**Task statement**
Your reply should be the whole listing, copied exactly, with the pictures left out.

**Supplied data**

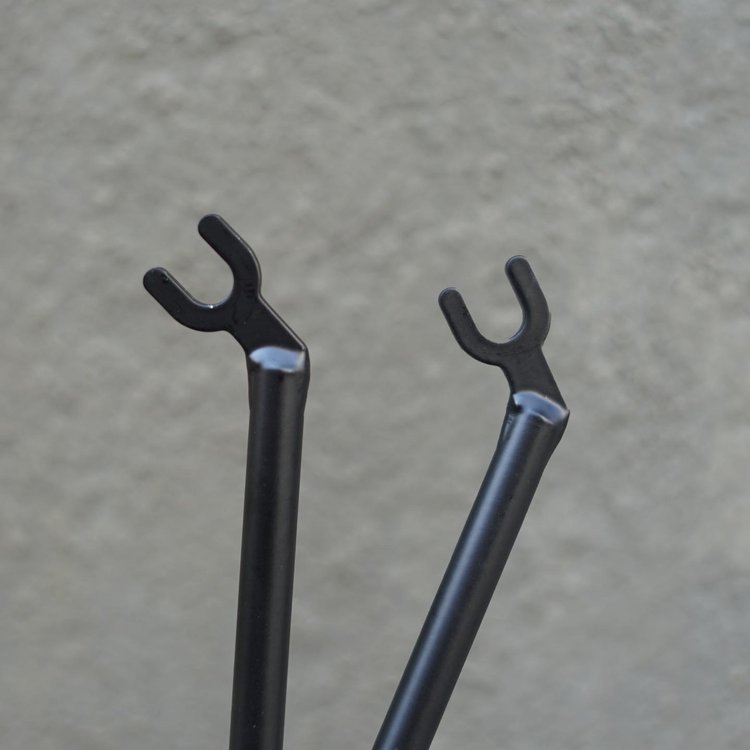 Veloci Rocket Light Cr-Mo Front Rack – Far & Wide Bikes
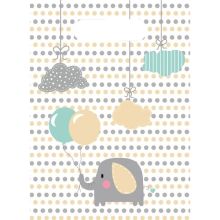 Пакет п/э Слоненок 6шт/P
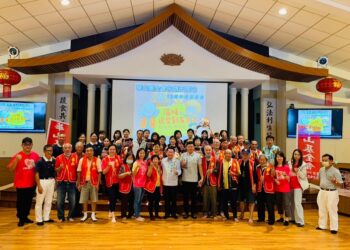 華山永靖天使站結合慈濟靜思堂　端午前夕為弱勢長輩一起歡慶佳節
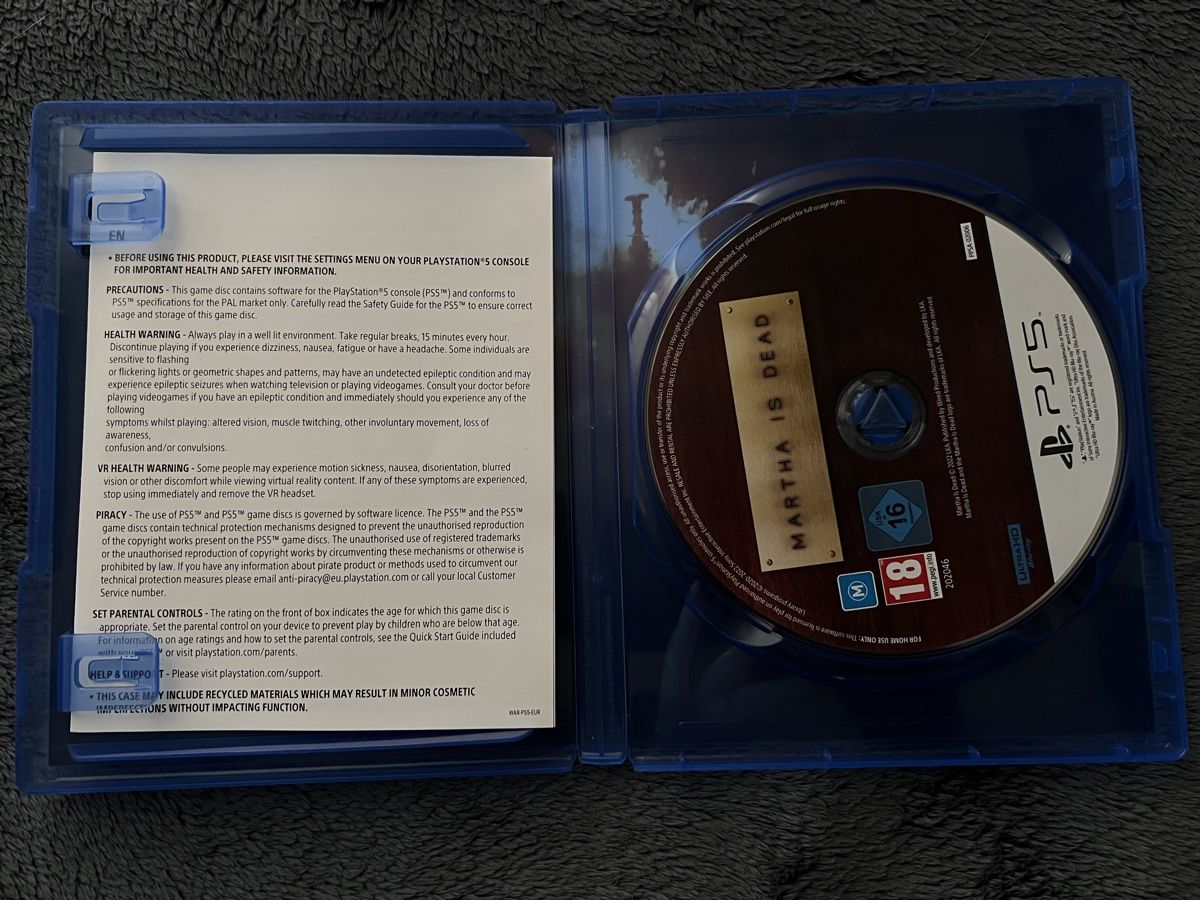 Sony Giochi: Martha Is Dead - PS5 – Usato da Würenlos venduto da minmo 2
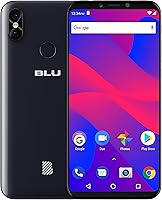 Vista 1 de BLU Studio Mega 2018-6.0" HD desbloqueado Smartphone con doble cámara principal - Negro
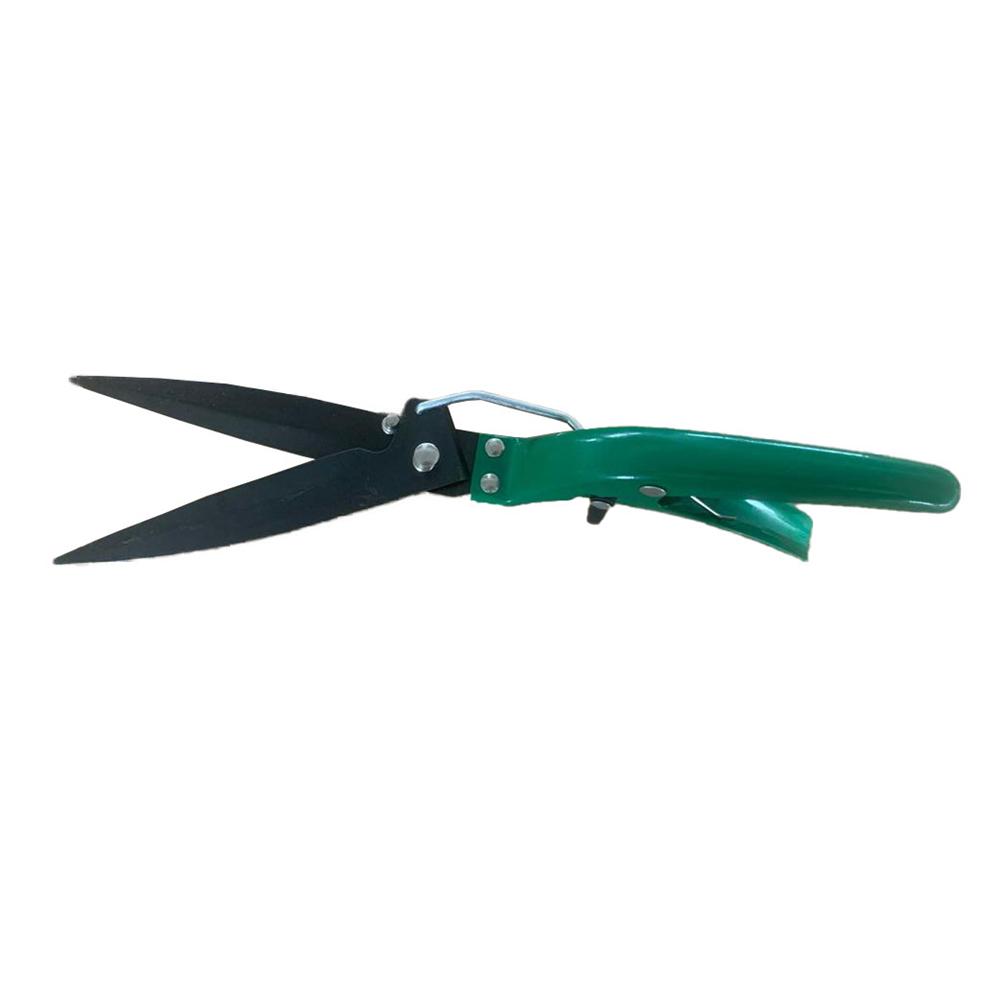 All Steel Gardening Scissors Hedge Shears Hand Clippers Flower Grass Pruning Shears Fence Shears Easy To Trim for Lawn Courtyard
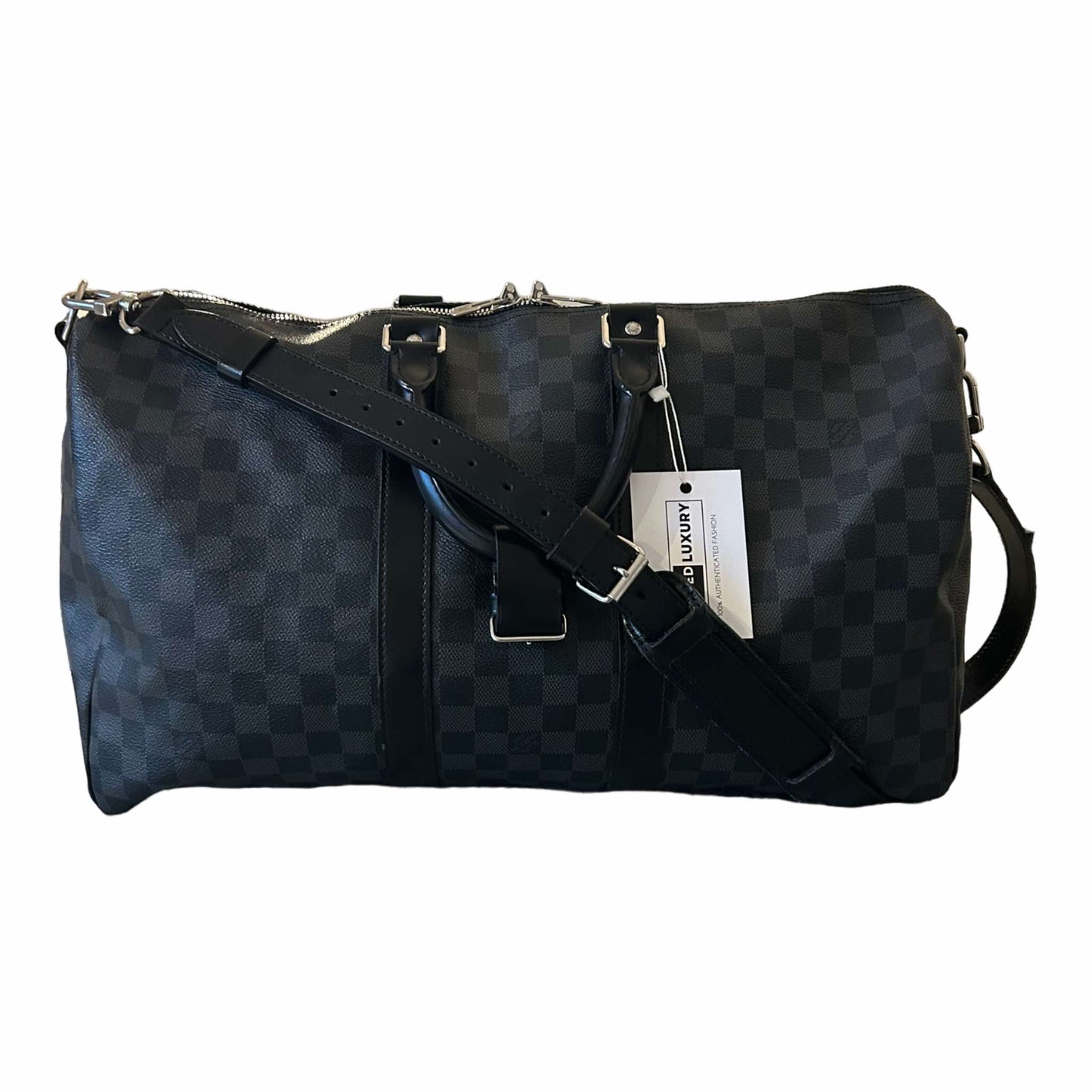 Louis Vuitton Damier Graphite Bandoulière Keepall 45 - N41418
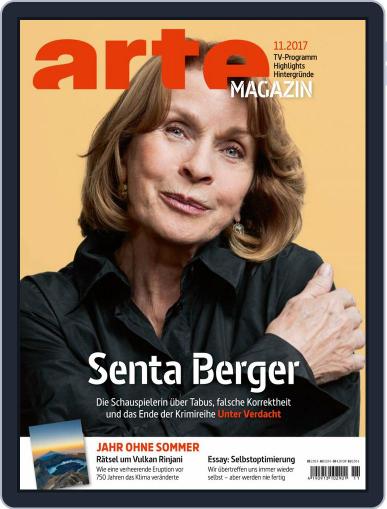 Arte Magazin November 1st, 2017 Digital Back Issue Cover
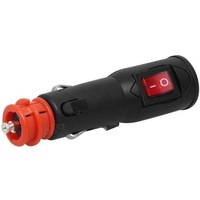 фото thumb №1, Штекер роз'єм прикурювача з вимикач euro/din 12/24v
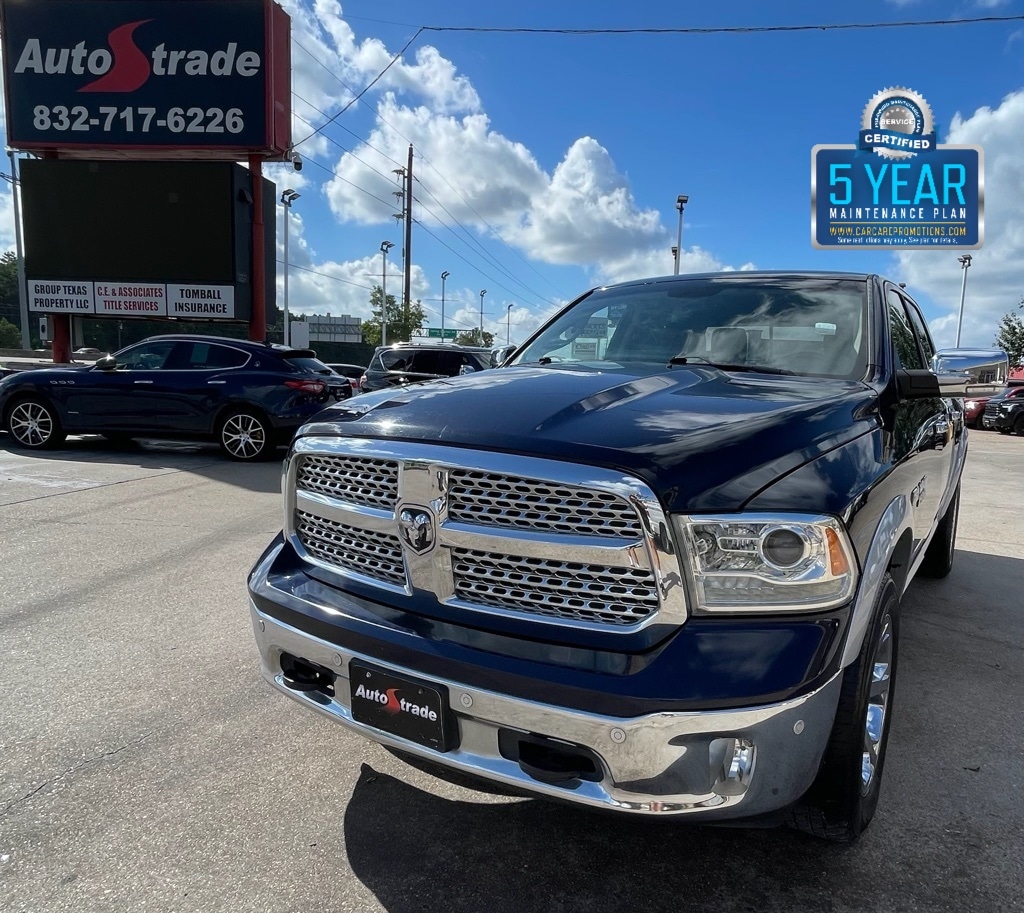 Used 2017 Ram 1500 Laramie Truck Crew Cab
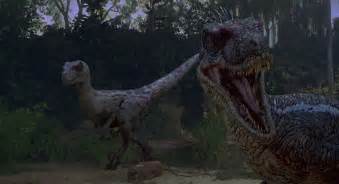 The velociraptors of Jurassic World are trainable because they are crossbreeds between the ...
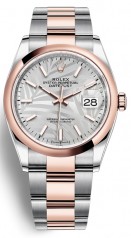Rolex » _Archive » Datejust 36mm Steel and Everose Gold » 126201-0032
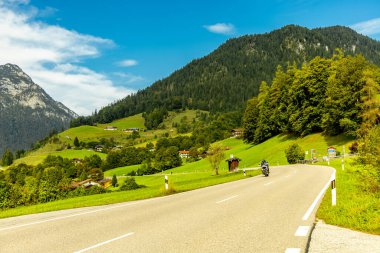 Berchtesgaden Alp Dağları 'nda Berchtesgaden - Berchtesgaden - Almanya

**Answer box**
 Veloci Rocket Light Cr-Mo Front Rack – Far & Wide Bikes
 Пакет п/э Слоненок 6шт/P
 華山永靖天使站結合慈濟靜思堂　端午前夕為弱勢長輩一起歡慶佳節
 Sony Giochi: Martha Is Dead - PS5 – Usato da Würenlos venduto da minmo 2
 Vista 1 de BLU Studio Mega 2018-6.0" HD desbloqueado Smartphone con doble cámara principal - Negro
 All Steel Gardening Scissors Hedge Shears Hand Clippers Flower Grass Pruning Shears Fence Shears Easy To Trim for Lawn Courtyard
 Louis Vuitton Damier Graphite Bandoulière Keepall 45 - N41418
 Arte Magazin November 1st, 2017 Digital Back Issue Cover
 фото thumb №1, Штекер роз'єм прикурювача з вимикач euro/din 12/24v
 Used 2017 Ram 1500 Laramie Truck Crew Cab
 The velociraptors of Jurassic World are trainable because they are crossbreeds between the ...
Rolex » _Archive » Datejust 36mm Steel and Everose Gold » 126201-0032
 Berchtesgaden Alp Dağları 'nda Berchtesgaden - Berchtesgaden - Almanya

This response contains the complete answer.